Using the entries below, write out the line with "Ijscokar met veel accessoires, Enlèvement", the line with "59 Cassinia Crescent, Meadow", and every line in between, exactly as each is written.

TASK DATA below:

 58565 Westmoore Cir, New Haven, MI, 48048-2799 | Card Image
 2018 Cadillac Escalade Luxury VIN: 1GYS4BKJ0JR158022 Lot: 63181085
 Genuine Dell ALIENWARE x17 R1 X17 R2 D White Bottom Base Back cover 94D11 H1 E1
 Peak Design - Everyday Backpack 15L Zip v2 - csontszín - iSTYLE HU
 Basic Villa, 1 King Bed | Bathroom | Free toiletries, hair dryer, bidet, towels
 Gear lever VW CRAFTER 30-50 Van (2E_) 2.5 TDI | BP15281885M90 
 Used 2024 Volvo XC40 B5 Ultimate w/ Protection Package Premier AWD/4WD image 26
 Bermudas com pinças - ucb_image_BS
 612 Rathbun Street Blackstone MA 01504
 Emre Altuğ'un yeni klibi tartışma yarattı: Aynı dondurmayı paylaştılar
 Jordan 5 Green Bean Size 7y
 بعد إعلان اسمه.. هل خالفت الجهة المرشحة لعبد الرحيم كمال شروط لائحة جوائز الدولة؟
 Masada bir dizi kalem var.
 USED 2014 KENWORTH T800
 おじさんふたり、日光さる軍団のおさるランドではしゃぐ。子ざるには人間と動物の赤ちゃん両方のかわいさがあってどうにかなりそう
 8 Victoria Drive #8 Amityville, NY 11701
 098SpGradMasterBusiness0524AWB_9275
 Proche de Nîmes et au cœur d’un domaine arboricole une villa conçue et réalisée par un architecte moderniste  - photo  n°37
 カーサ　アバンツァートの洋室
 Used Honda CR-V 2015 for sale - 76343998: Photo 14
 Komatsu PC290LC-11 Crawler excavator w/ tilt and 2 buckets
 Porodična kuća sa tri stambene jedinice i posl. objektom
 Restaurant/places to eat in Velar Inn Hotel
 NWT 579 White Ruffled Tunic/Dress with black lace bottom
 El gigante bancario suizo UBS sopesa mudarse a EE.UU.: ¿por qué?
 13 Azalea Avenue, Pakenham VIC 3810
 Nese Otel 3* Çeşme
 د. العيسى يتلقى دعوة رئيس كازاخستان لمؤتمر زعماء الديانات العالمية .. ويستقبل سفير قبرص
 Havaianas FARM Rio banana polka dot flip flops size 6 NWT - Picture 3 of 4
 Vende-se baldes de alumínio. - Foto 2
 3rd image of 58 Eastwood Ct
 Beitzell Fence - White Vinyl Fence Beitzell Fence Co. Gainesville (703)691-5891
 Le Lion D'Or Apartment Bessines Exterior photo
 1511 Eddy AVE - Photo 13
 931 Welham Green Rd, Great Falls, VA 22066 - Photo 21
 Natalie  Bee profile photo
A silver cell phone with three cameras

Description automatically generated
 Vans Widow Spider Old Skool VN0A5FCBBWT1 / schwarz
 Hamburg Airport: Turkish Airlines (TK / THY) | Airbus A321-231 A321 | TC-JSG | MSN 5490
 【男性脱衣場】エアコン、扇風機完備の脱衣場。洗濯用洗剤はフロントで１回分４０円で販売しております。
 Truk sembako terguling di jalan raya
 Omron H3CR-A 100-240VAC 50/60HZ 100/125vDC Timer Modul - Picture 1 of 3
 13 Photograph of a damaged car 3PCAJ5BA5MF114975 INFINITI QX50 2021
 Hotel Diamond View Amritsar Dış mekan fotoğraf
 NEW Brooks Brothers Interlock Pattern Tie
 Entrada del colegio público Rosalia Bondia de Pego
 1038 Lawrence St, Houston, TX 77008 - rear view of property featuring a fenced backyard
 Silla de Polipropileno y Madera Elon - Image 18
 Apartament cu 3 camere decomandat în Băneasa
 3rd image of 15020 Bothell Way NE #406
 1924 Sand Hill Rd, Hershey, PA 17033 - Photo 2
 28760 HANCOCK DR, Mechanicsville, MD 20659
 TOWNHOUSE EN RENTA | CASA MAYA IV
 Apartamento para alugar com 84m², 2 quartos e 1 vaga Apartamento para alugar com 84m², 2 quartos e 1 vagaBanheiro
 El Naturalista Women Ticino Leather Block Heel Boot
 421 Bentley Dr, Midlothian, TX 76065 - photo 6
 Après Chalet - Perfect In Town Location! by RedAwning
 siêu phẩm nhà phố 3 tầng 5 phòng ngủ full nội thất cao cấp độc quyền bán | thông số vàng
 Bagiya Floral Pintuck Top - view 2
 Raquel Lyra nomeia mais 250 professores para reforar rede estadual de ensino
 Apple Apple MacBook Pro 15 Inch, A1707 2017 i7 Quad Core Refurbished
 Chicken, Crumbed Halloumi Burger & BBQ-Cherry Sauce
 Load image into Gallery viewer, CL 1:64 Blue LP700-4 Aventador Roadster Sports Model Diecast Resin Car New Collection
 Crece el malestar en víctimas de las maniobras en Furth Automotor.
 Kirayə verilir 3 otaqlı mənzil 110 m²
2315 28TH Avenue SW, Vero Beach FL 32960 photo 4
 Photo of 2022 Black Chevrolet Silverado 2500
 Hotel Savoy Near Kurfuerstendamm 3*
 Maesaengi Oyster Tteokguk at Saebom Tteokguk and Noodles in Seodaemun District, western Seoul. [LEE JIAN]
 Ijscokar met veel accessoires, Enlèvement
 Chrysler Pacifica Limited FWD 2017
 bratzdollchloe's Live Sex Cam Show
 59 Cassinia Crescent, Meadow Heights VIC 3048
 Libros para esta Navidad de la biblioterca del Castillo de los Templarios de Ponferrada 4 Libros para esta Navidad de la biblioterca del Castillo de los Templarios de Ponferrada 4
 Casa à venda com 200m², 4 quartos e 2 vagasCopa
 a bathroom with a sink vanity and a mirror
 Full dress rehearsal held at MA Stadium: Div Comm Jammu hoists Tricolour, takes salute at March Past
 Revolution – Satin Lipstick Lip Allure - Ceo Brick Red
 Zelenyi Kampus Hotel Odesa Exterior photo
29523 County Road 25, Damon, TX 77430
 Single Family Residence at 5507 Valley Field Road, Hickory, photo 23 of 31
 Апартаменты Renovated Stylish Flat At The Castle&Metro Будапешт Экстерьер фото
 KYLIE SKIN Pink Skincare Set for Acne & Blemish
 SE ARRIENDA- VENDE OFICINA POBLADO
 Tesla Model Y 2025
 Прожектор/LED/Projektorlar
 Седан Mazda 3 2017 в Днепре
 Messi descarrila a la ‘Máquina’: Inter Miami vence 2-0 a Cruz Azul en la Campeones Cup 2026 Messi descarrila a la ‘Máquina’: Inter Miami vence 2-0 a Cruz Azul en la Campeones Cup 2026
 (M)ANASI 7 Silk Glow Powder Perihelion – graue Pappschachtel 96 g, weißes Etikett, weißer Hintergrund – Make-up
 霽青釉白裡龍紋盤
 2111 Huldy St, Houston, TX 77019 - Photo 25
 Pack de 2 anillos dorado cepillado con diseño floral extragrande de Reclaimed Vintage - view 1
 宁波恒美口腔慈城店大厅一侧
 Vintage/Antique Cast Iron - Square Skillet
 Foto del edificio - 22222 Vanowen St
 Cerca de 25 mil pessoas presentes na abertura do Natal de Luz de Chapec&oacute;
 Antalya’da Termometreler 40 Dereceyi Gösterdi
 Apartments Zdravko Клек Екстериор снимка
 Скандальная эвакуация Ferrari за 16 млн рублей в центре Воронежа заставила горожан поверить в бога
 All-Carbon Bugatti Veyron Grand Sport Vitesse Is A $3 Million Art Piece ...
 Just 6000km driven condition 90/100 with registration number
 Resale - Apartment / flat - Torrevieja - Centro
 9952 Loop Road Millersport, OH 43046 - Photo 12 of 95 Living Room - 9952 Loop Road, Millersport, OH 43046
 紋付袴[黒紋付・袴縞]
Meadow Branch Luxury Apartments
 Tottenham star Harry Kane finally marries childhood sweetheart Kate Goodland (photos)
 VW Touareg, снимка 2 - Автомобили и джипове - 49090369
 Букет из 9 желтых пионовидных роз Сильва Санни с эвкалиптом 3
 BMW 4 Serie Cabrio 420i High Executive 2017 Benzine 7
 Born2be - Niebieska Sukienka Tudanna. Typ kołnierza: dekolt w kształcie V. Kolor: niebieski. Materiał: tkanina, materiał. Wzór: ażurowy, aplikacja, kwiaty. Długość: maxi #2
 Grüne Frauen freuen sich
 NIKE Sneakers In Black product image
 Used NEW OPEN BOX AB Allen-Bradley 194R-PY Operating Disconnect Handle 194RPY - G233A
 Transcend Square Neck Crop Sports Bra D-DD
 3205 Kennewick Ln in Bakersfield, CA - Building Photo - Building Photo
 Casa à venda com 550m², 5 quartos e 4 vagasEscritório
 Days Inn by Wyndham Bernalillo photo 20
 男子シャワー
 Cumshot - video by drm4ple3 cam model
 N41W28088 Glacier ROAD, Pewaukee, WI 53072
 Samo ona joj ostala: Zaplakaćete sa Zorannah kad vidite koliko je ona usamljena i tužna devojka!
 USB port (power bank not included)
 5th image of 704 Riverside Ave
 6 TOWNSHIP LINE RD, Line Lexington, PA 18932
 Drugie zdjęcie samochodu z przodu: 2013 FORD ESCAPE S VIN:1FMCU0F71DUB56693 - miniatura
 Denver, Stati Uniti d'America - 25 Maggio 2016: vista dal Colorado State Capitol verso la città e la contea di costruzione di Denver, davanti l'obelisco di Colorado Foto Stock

End of TASK DATA.

RESPONSE BELOW:
 Ijscokar met veel accessoires, Enlèvement
 Chrysler Pacifica Limited FWD 2017
 bratzdollchloe's Live Sex Cam Show
 59 Cassinia Crescent, Meadow Heights VIC 3048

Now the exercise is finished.